• WHAT YOU HAVE TO DO: Could you return, exactly as written, every line from the one containing "１：１：１０ｄｅおいしいつゆの年越し蕎麦-レシピのメイン写真" through the last line of the entries below, leaving out the pictures?

• RECORDS FOR THE TASK:

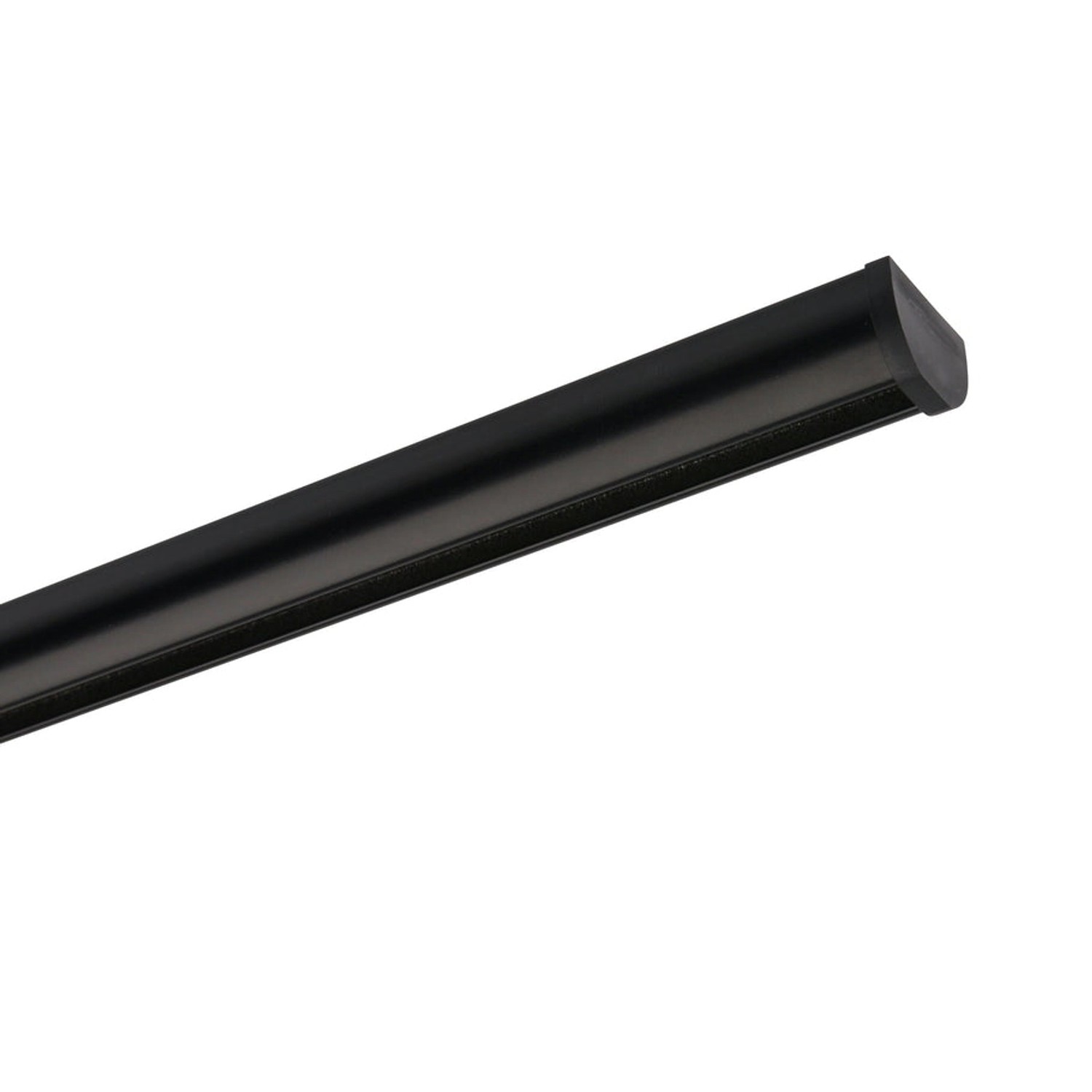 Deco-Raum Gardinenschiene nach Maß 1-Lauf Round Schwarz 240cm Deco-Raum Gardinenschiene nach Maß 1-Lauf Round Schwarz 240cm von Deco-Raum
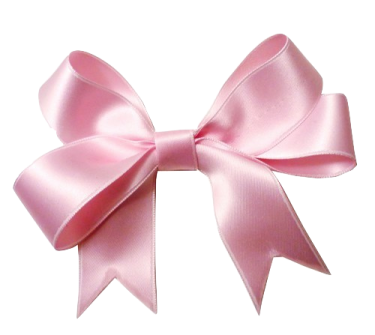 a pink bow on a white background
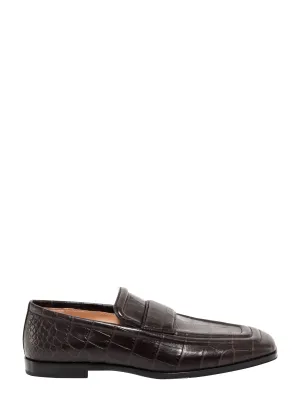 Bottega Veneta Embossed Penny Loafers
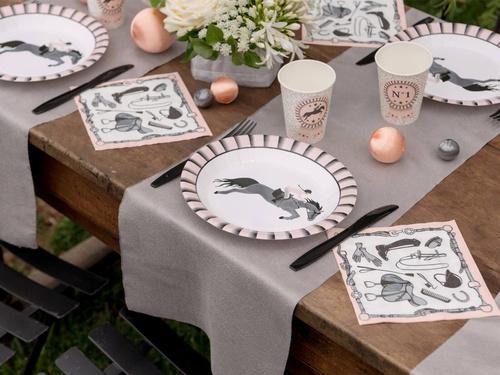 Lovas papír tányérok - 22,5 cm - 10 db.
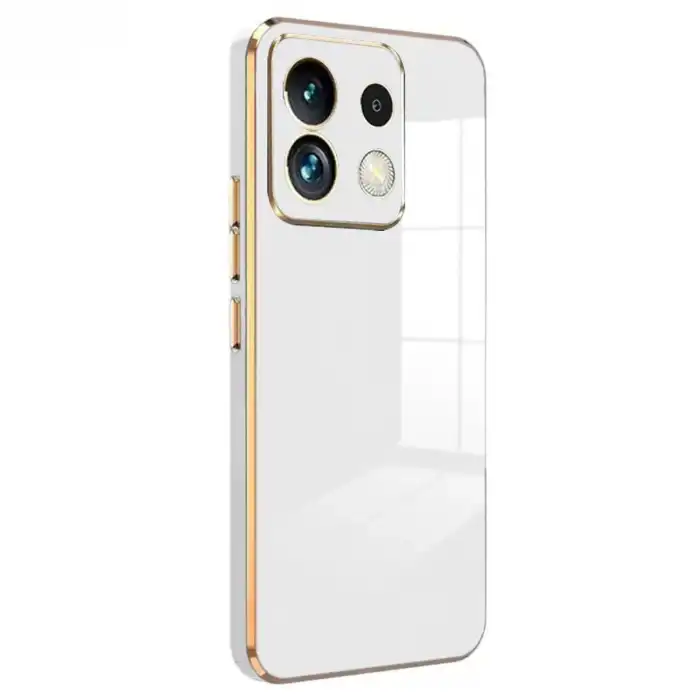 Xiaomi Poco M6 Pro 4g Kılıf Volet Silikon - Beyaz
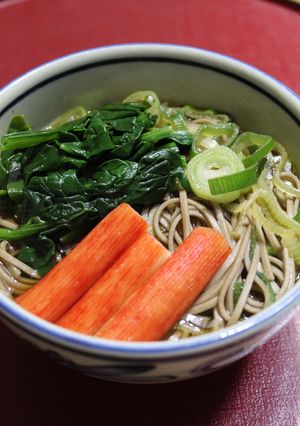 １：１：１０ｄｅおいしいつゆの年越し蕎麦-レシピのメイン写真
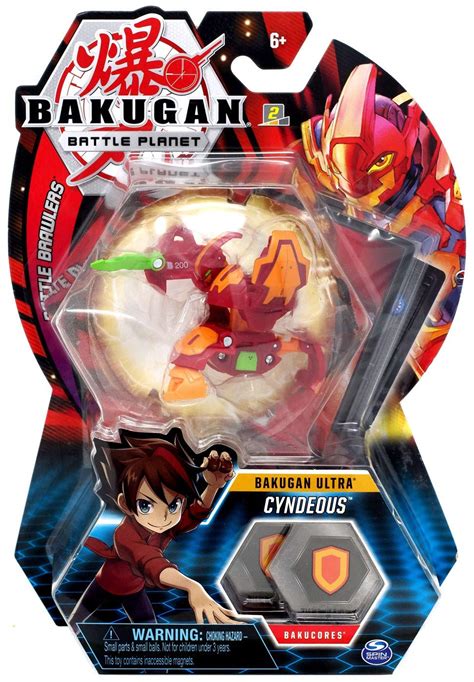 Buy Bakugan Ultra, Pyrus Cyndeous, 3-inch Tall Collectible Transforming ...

• TASK ANSWER:
 １：１：１０ｄｅおいしいつゆの年越し蕎麦-レシピのメイン写真
 Buy Bakugan Ultra, Pyrus Cyndeous, 3-inch Tall Collectible Transforming ...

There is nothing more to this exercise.